Репин попал к Крамскому поздним вечером, когда тот, утомленный, вернулся домой. Но беседа, согретая чаем из кипящего самовара, потекла непринужденно, легко. Усталость хозяина миновала, и Репин слушал самозабвенно его мысли об искусстве, смотрел первые наброски, которые потом претворились в знаменитое полотно Крамского «Христос в пустыне».
С того памятного вечера Крамской стал одним из тех, кто принял Репина на воспитание. Его советы давали больше пламенному сердцу юного художника, чем закостенелые наставления академических профессоров.
Репин приехал в столицу почти в канун события, которое потрясло академические устои. Оно вошло в историю русского искусства под названием «бунта тринадцати». Много говорили об этом происшествии в ученической среде, по-разному его толкуя. Слышал все эти толки и Репин, но теперь ему довелось узнать историю во всех подробностях от самого вожака бунтарей.
По давней традиции каждый ученик, кончающий Академию, должен писать на конкурс картину. Если она бывала удачной и получала золотую медаль, художник награждался шестилетней поездкой за границу.
Попробовать свои силы было интересно каждому. Смущало лишь, что для конкурсной картины избирался один и тот же сюжет, чаще всего библейский.
Группа молодых художников, кончающих Академию, попыталась сломить эту традицию. Их было четырнадцать, потом один отошел. Вдохновлял на протест Крамской.
Все они тяготели к изображению окружающей жизни и в своем прошении в совет Академии писали о праве свободного выбора темы.
Даже одна эта просьба произвела впечатление взорвавшейся бомбы. Неподчинение, крамола, бунт! Никаких поблажек. Один сюжет для всех. Двадцать четыре часа на изготовление эскизов в запертой комнате.
Дело принимало серьезный оборот. Но раз сделан первый шаг, нельзя отступать. Крамской и его друзья продолжали хлопоты. Они побывали у сановитых профессоров Академии, у ректора. Везде холодное «нет». А один профессор принял их особенно высокомерно и сказал, что в былые времена за подобное подстрекательство к бунту их бы отдали в солдаты.

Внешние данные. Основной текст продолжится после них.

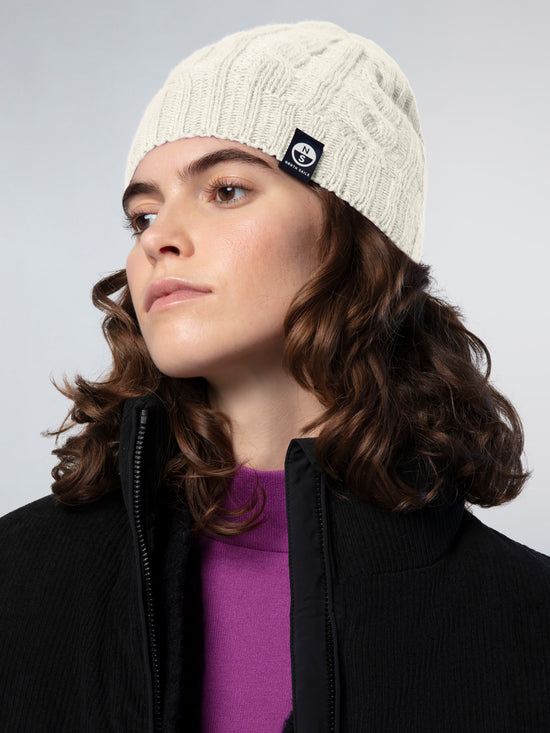 beanie-021640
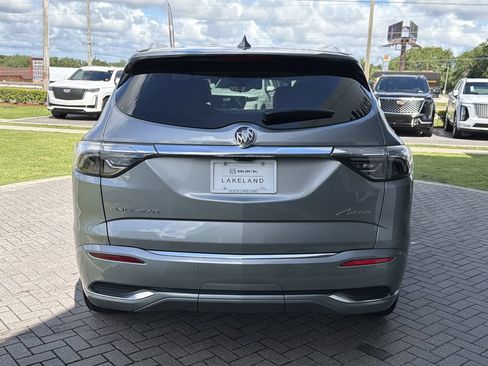 Used 2023 Buick Enclave Avenir w/ Avenir Technology Package FWD image 5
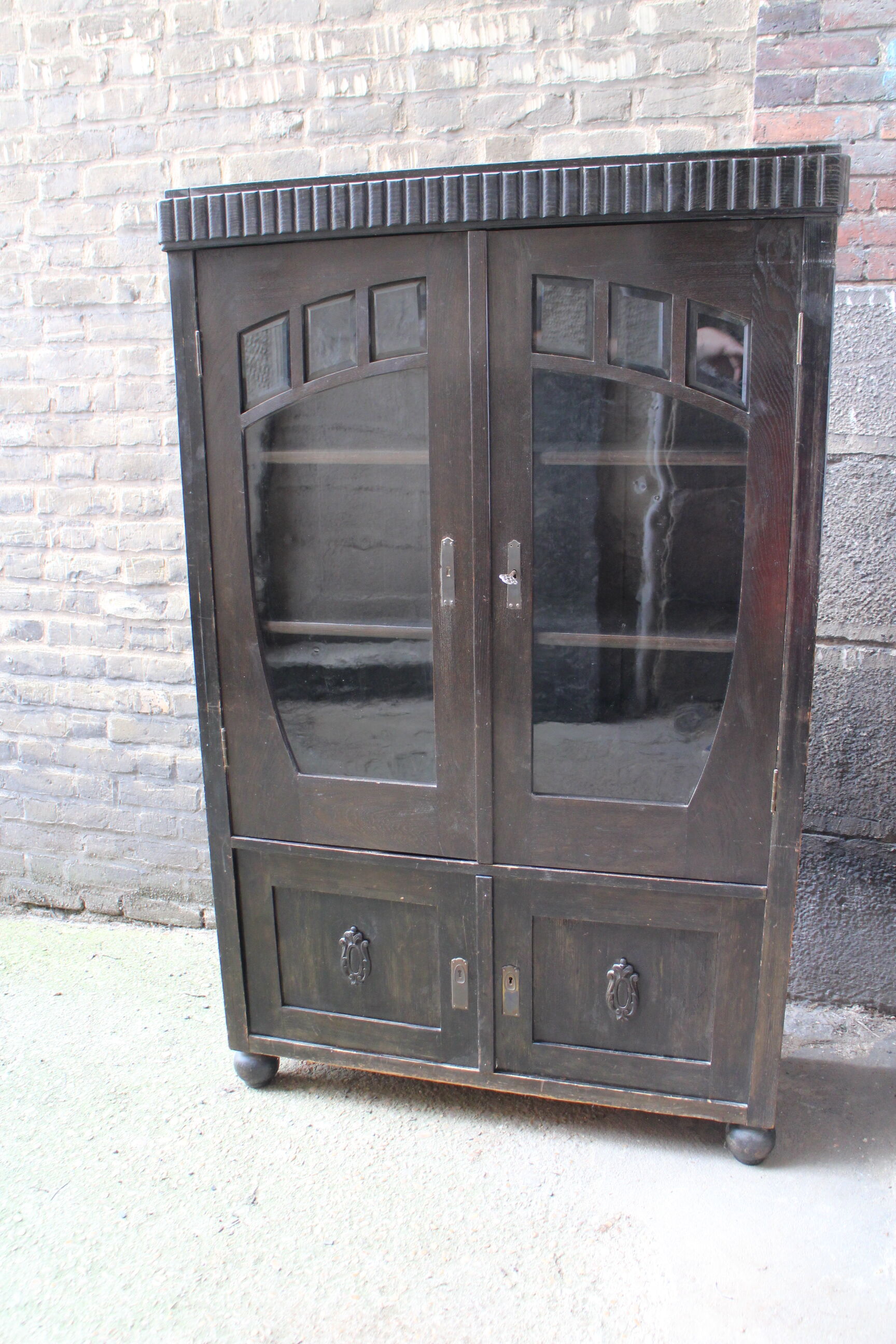 Colonial Library 1900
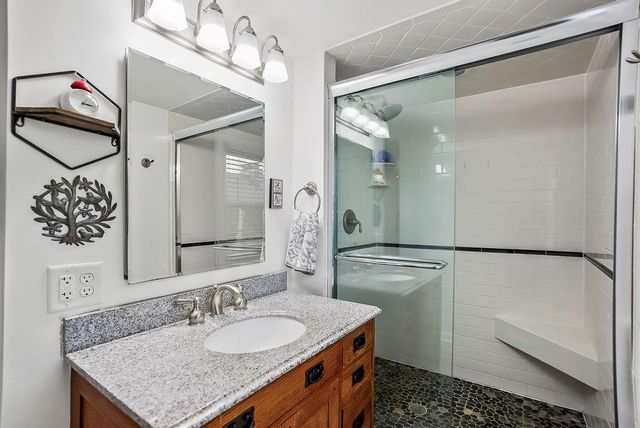 215 E 73rd Street, Kansas City, MO 64114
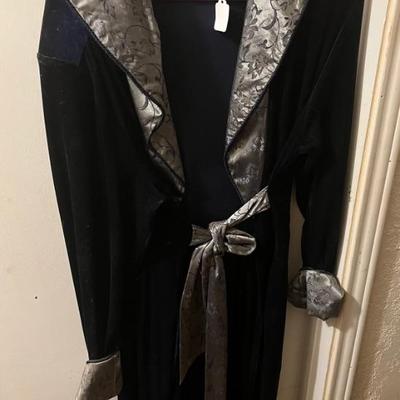 Vintage Claireâ€™s Rose  Velvet Robe 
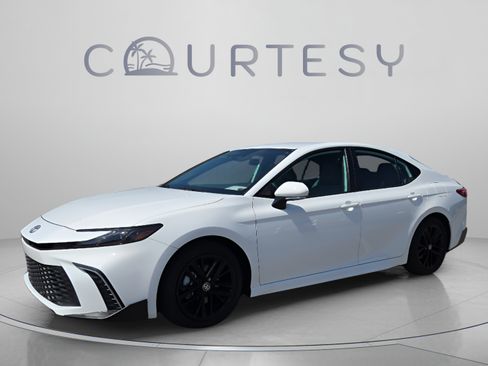 Certified 2026 Toyota Camry SE FWD image 1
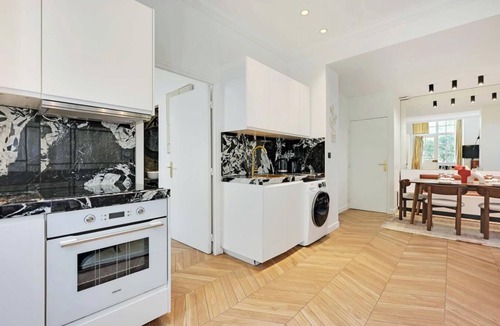 Notre-Dame-des-Champs Apartment | ELEGANT PARISIAN : 3-BED RETREAT IN THE HEART OF SAINT GERMAIN -RUECHERCHE MIDI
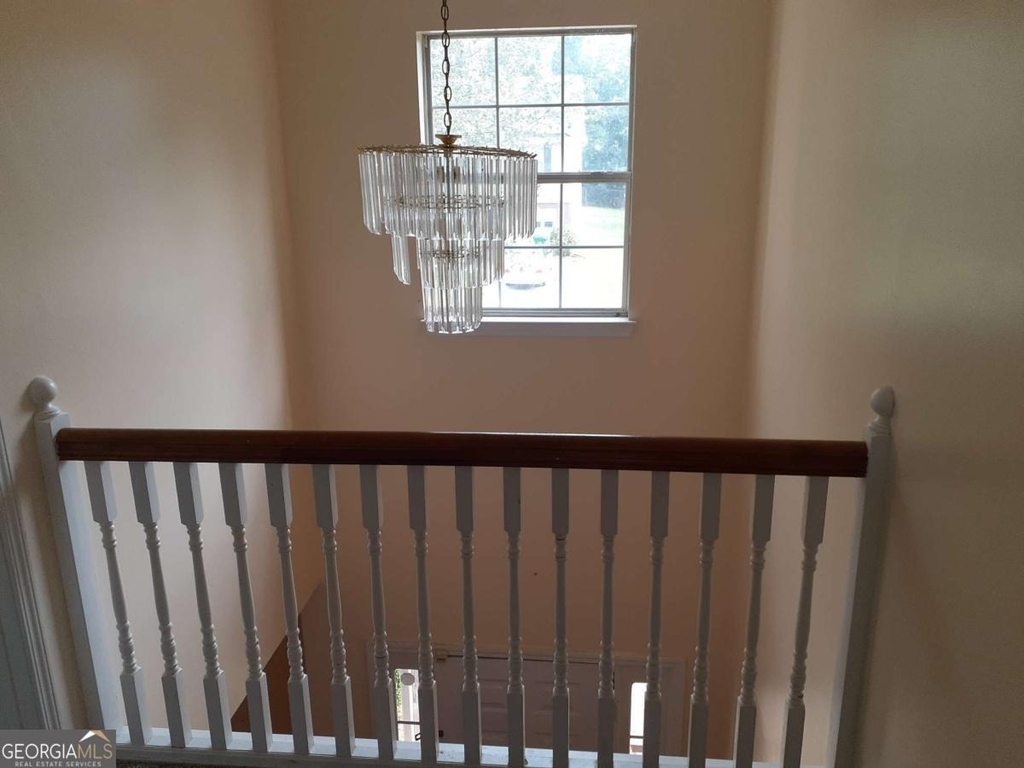 4410 Cross Lane - Photo 10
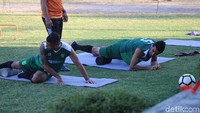 Mantan pelatih Persib dan PSMS Medan itu menyadari bonek tak akan mengikuti tim. Dia bahkan mengimbau bonek tak perlu mendampingi timnya dalam laga kali ini dengan pertimbangan keselamatan.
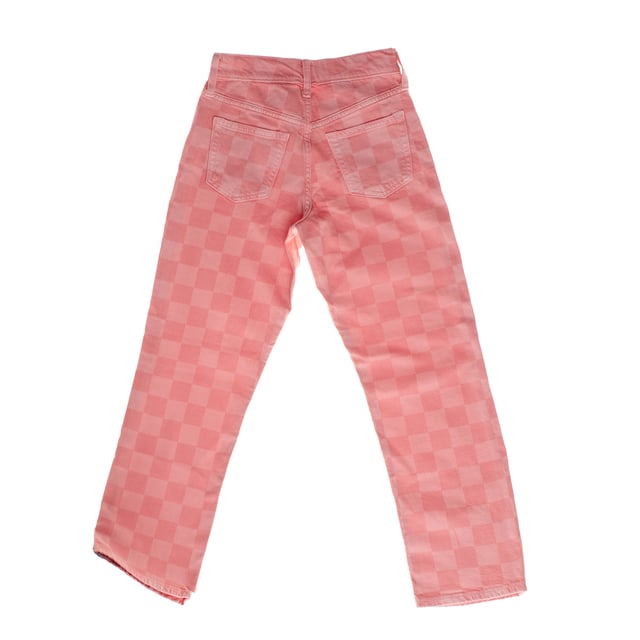 Inspired by 90s style, these straight-cut girls' trousers combine comfort and a retro look.

 Featuring a high rise and hidden adjustable waistband, it offers a custom, modern fit.

 Its loose design from the hips to the ankles, characteristic of the 90s, gives it a relaxed and casual look.

 Crafted from denim, these pants have a straight cut that offers a comfortable, relaxed fit.

 It features a checkered pattern throughout the garment, which gives it a fun and original touch.

 It features the classic five-pocket design, providing functionality. The button and zipper closure ensures a firm fit at the waist.
 Composition: 99% Cotton, 1% Elastane
 Care:
- Machine wash cold.
 - Use similar colors in the wash.
 - Avoid the use of bleaches.
 - Dry at low temperature in the dryer.
 - Iron at low temperature.
 - Do not dry clean.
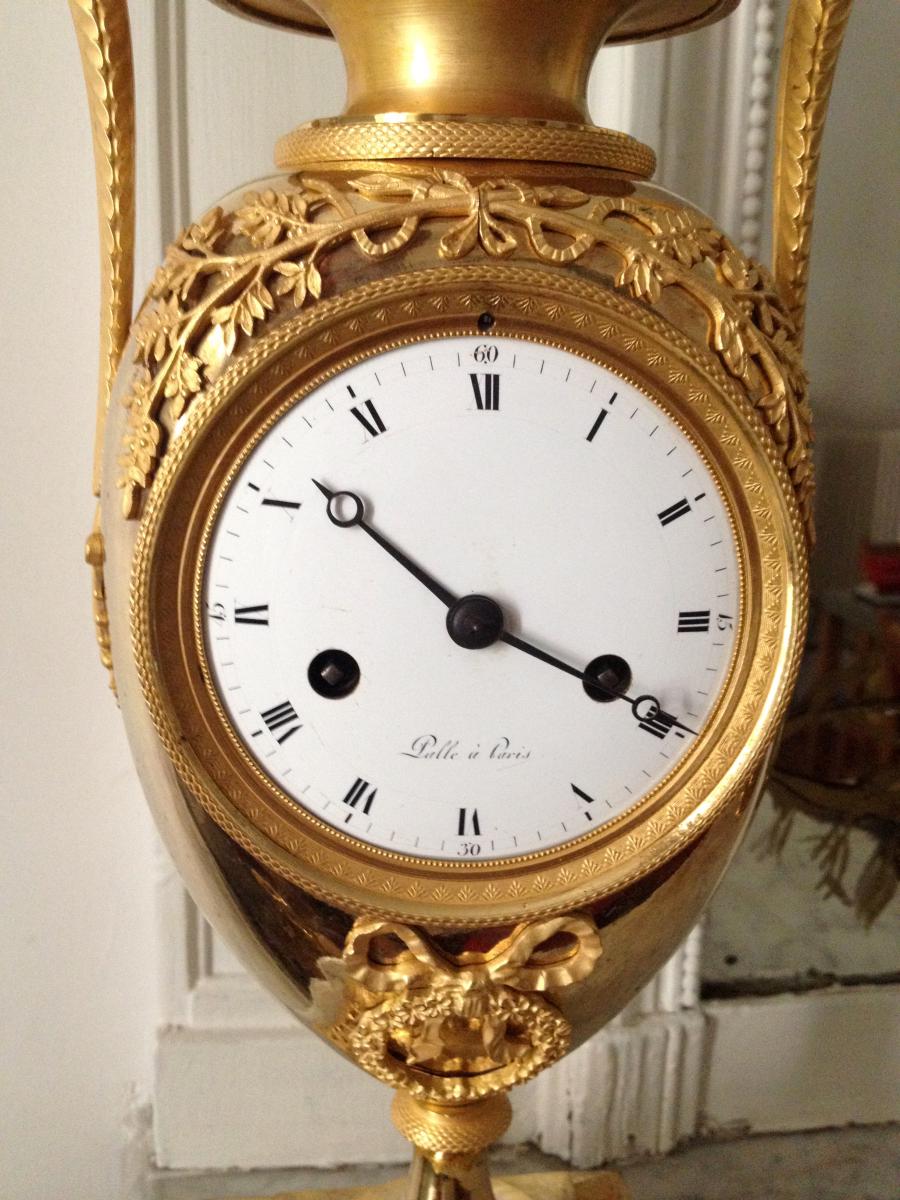 An Empire Ormolu Gilt Bronze Pendulum-photo-2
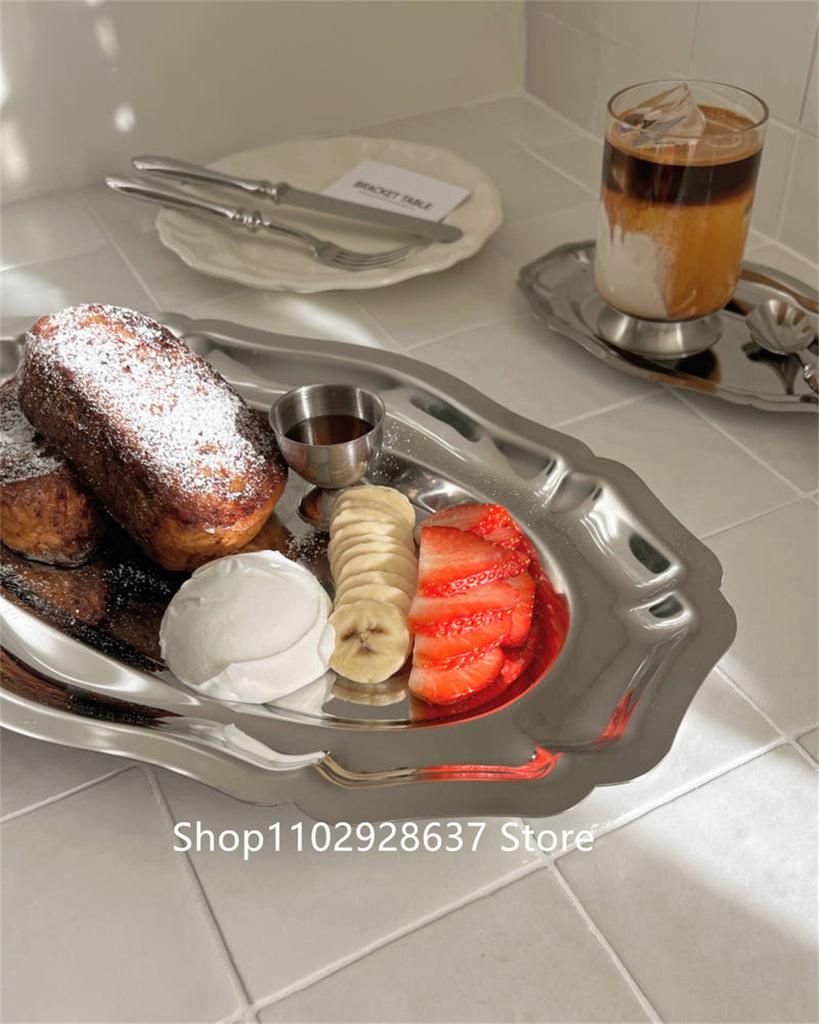 Vassoio Ovale in Acciaio Inossidabile Retrò Francese Piatto per Snack Dessert Frutta Piatto Ovale con Pizzo Retrò Contenitore per Gioielli, gioielli, Cosmetici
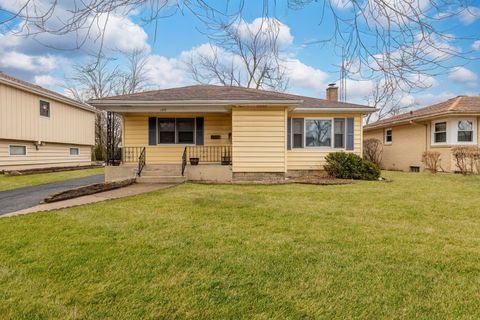 Tiny photo for 1210 Campbell Street, Joliet, IL 60435 (MLS # 12546367)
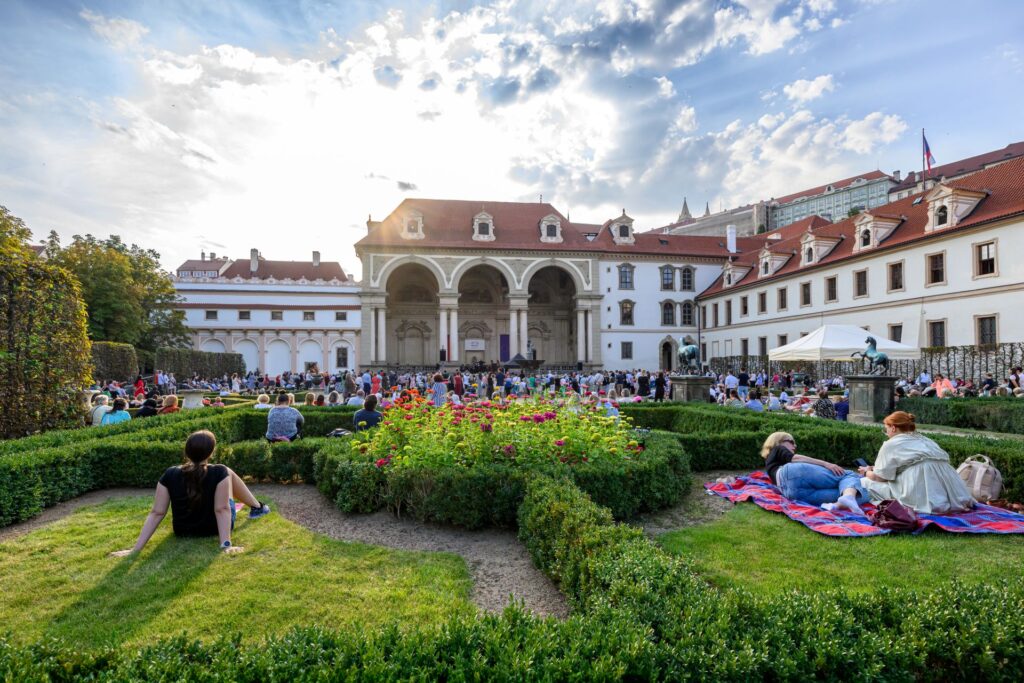 Palácio de Waldstein, em estilo barroco, imponente, com um jardim belíssimo a sua frente em um dia de verão em Praga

Оставалось единственное: всем дружно отказаться от конкурса. Рукой Крамского написан черновик прошения. Но каждый подает его от себя, иначе будет подозрение в коллективной смуте.
До самой последней минуты у бунтарей еще теплилась надежда, что в Академии одумаются и позволят каждому из них избрать для конкурсной работы тот сюжет, в котором полнее раскроются их дарования и склонности.
Но этого не случилось. Экзаменаторы в генеральских мундирах настойчиво охраняли крепость устоев, нерушимость традиций.